*Exercise description*. Write how many lines in the records below include the string "another". No other text should be given.

*Records provided*.

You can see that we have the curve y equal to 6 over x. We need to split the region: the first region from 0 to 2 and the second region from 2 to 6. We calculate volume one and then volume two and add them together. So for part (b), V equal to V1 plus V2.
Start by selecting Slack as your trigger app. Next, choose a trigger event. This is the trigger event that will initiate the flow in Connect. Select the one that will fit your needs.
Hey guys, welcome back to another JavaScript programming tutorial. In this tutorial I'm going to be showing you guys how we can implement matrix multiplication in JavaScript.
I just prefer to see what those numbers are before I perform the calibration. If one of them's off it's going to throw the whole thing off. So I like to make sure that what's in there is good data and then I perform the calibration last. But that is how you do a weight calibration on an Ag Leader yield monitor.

...

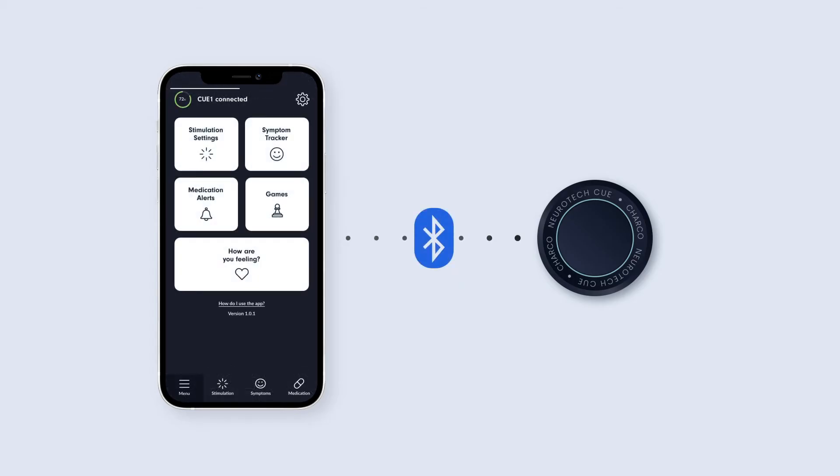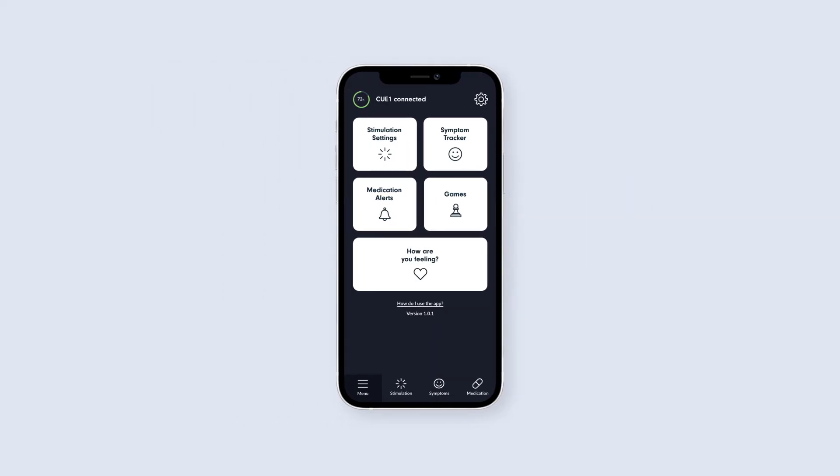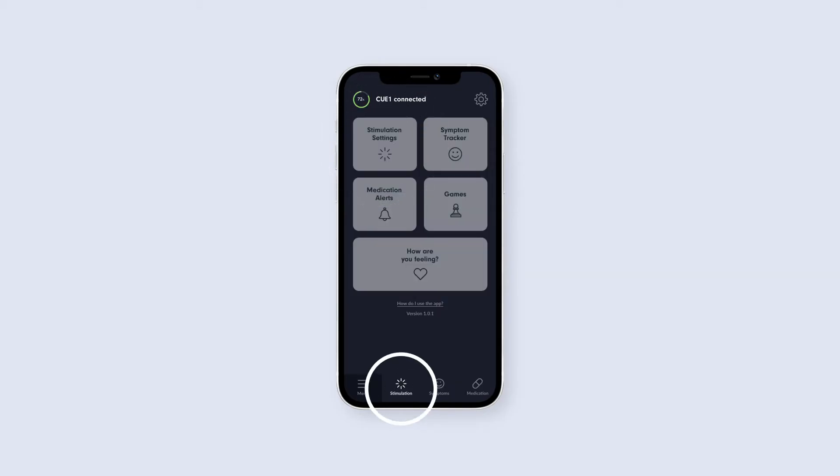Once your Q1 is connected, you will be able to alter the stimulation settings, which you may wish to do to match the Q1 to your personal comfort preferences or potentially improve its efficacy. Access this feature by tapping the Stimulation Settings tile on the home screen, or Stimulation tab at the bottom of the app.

...

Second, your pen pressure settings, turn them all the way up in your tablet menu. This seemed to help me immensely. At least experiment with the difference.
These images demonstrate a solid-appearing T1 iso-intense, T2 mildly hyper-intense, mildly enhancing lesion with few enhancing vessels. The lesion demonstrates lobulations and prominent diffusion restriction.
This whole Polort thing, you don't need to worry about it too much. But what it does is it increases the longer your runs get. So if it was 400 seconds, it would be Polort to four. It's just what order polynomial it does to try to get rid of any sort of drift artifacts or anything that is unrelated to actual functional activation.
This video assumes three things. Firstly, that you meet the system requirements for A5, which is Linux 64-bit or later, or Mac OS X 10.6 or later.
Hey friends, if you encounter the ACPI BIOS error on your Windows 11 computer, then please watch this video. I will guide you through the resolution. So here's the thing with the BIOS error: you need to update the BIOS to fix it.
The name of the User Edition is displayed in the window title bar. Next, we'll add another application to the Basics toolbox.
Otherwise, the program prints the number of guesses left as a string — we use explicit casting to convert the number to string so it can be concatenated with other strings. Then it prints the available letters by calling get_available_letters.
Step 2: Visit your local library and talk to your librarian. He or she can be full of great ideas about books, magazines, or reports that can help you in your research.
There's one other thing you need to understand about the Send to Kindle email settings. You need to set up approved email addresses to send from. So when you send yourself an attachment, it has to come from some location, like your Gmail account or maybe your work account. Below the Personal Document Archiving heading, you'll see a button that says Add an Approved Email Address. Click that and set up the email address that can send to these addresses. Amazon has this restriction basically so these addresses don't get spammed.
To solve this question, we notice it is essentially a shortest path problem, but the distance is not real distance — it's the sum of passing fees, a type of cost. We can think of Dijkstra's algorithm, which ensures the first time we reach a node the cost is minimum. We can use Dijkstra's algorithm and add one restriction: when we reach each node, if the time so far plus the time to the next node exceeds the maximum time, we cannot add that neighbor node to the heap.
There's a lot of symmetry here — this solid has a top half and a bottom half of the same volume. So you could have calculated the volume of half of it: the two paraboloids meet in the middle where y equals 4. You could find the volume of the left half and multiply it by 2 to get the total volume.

*Response below*. 2